Rocky Mountain Hideaway (To Love Again Book 2) (7 page)

 

“That was an amazing breakfast, Tray. I shouldn’t let you do all the cooking this weekend.” Isabel carried bowls of berries and whipped cream to the fridge.

“I enjoy it. Besides, I wanted to let you sleep. I pulled together a few things for you to try on.” He headed for the stairs and she tagged along, watching the tight curve of his buns through the light material of his hiking pants.

At the end of the hall, she followed him into a work room. It was filled with skis of all sizes pegged against the wall and bikes hanging from the ceiling. Apparently his friends came to the mountains to get outdoors and get active. Isabel usually came to the mountains to go to the hot springs and lounge around.

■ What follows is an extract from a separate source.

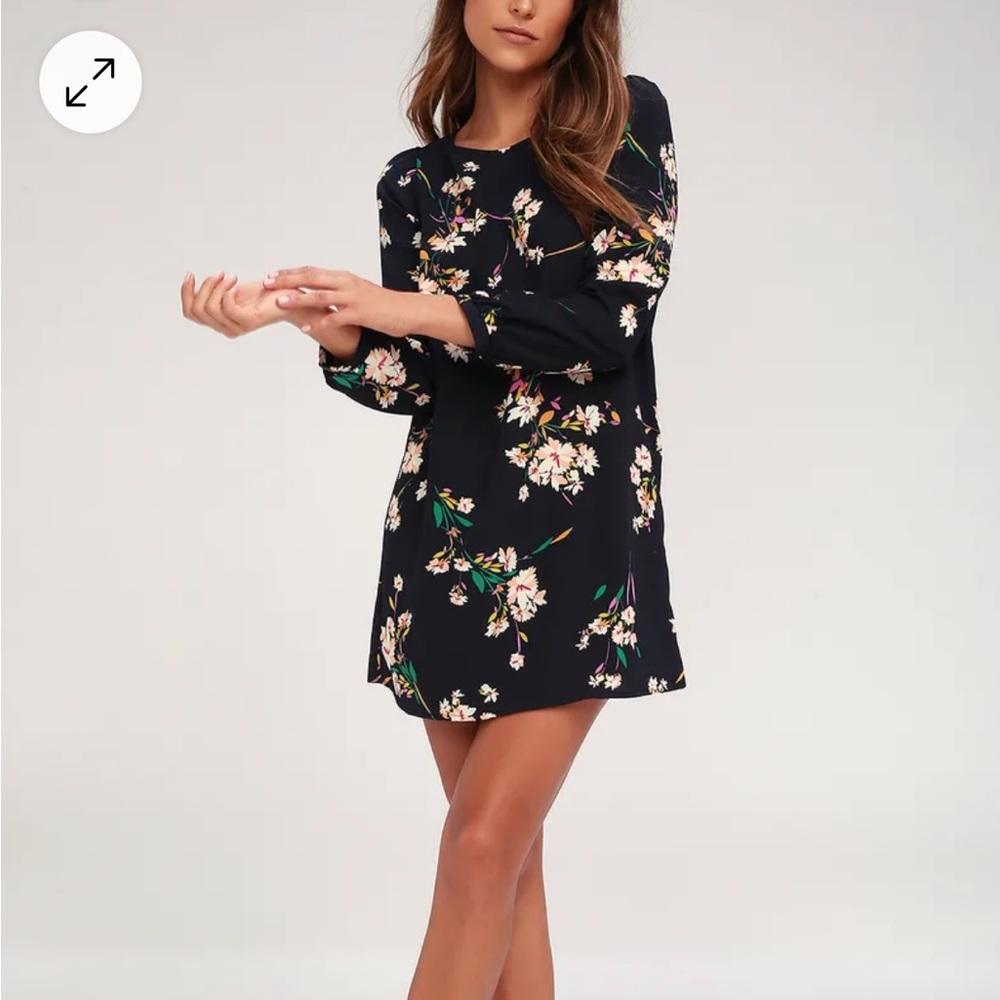 Herbaceous Babe Navy Floral Print Shift Dress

Tray lifted pieces off the pile he’d assembled on the work bench in the back room, holding them up against her shoulders. “This fleece should fit you. Try it.”

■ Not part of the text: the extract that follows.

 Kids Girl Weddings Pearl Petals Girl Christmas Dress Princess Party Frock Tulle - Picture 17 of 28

Isabel pulled the orange fleece over her head. A little long in the arms, but otherwise perfect. She slid into the jacket Tray was holding out. “They fit.”

The last item looked to be a pair of light snow pants. Tray held them to her waist and they puddled on the floor at her feet. “These will be a little big, but they’re the smallest ones here.”

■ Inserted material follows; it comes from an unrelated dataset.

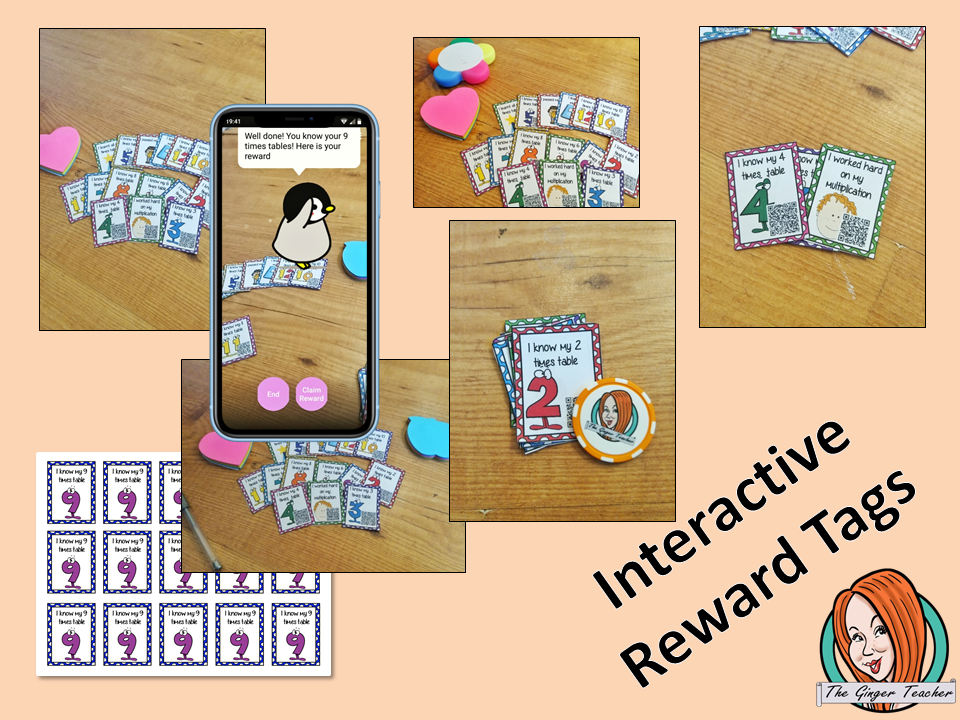 Interactive multiplication Reward Tags brag tags! These tags can be used in your classroom for behaviour management. If you want to promote good behavior of students brag tags! This is a whole class behaviour management system promotes good behaviour in class download the free AR (augmented reality) app and a fun character will appear in your classroom! Each tag has AR reward that collect also option to take reward selfie. #augmentedreality #bragtags #rewardtag #awardtags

“I thought we were going for a walk, not an expedition. Is all this gear really necessary?” Isabel was getting more nervous about Tray’s plans. It sounded like she was getting in over her head.

“Just extra clothes. You never know in the mountains. You should also bring another set of clothes in case you get wet.”

“Are you serious? It’s not raining.”

“Not now, it isn’t. But in the mountains, shifting wind and weather means conditions can change in a flash.”

“Maybe we should just stick close to town?”

“Nuh-uh. This is my chance to show you a few things. It’ll be fun, I promise. I just have a habit of making sure we have enough gear.”

Isabel stepped over to him. Standing so close to him, she had to crane her neck to look into his face. He lowered his head to meet her eyes. She grinned up at him, teasing. “So you’re a boyscout, too.”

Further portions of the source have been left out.